Source data:
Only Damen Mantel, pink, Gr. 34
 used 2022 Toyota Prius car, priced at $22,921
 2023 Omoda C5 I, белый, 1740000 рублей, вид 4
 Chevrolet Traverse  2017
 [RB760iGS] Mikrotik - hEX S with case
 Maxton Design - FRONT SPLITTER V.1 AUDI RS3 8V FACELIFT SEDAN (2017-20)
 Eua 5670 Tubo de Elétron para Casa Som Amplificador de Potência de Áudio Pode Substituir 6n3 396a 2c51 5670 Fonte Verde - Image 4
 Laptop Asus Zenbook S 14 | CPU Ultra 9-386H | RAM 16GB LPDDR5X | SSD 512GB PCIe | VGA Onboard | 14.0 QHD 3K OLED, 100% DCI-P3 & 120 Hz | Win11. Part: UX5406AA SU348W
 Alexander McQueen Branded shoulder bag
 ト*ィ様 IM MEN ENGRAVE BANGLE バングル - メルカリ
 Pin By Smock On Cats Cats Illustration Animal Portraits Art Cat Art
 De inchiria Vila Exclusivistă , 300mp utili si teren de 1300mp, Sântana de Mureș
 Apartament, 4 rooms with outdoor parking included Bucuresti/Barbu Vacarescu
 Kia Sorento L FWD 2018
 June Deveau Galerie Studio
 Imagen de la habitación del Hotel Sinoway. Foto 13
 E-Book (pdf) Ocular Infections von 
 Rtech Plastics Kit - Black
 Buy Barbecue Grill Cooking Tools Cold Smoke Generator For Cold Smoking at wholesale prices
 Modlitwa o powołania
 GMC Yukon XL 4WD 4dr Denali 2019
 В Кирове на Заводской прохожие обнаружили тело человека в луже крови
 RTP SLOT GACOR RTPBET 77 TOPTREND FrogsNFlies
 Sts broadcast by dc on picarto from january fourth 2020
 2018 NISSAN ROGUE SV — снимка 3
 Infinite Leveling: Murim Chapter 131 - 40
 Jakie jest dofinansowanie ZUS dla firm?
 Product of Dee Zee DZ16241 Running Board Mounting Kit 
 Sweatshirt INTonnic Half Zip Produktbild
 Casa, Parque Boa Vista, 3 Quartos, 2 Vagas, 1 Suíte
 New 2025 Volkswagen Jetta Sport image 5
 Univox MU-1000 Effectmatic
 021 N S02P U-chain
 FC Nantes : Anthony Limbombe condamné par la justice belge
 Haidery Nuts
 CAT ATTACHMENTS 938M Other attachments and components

What you will do:
Each record shown above is to be given again exactly.

Problem solution:
Only Damen Mantel, pink, Gr. 34
 used 2022 Toyota Prius car, priced at $22,921
 2023 Omoda C5 I, белый, 1740000 рублей, вид 4
 Chevrolet Traverse  2017
 [RB760iGS] Mikrotik - hEX S with case
 Maxton Design - FRONT SPLITTER V.1 AUDI RS3 8V FACELIFT SEDAN (2017-20)
 Eua 5670 Tubo de Elétron para Casa Som Amplificador de Potência de Áudio Pode Substituir 6n3 396a 2c51 5670 Fonte Verde - Image 4
 Laptop Asus Zenbook S 14 | CPU Ultra 9-386H | RAM 16GB LPDDR5X | SSD 512GB PCIe | VGA Onboard | 14.0 QHD 3K OLED, 100% DCI-P3 & 120 Hz | Win11. Part: UX5406AA SU348W
 Alexander McQueen Branded shoulder bag
 ト*ィ様 IM MEN ENGRAVE BANGLE バングル - メルカリ
 Pin By Smock On Cats Cats Illustration Animal Portraits Art Cat Art
 De inchiria Vila Exclusivistă , 300mp utili si teren de 1300mp, Sântana de Mureș
 Apartament, 4 rooms with outdoor parking included Bucuresti/Barbu Vacarescu
 Kia Sorento L FWD 2018
 June Deveau Galerie Studio
 Imagen de la habitación del Hotel Sinoway. Foto 13
 E-Book (pdf) Ocular Infections von 
 Rtech Plastics Kit - Black
 Buy Barbecue Grill Cooking Tools Cold Smoke Generator For Cold Smoking at wholesale prices
 Modlitwa o powołania
 GMC Yukon XL 4WD 4dr Denali 2019
 В Кирове на Заводской прохожие обнаружили тело человека в луже крови
 RTP SLOT GACOR RTPBET 77 TOPTREND FrogsNFlies
 Sts broadcast by dc on picarto from january fourth 2020
 2018 NISSAN ROGUE SV — снимка 3
 Infinite Leveling: Murim Chapter 131 - 40
 Jakie jest dofinansowanie ZUS dla firm?
 Product of Dee Zee DZ16241 Running Board Mounting Kit 
 Sweatshirt INTonnic Half Zip Produktbild
 Casa, Parque Boa Vista, 3 Quartos, 2 Vagas, 1 Suíte
 New 2025 Volkswagen Jetta Sport image 5
 Univox MU-1000 Effectmatic
 021 N S02P U-chain
 FC Nantes : Anthony Limbombe condamné par la justice belge
 Haidery Nuts
 CAT ATTACHMENTS 938M Other attachments and components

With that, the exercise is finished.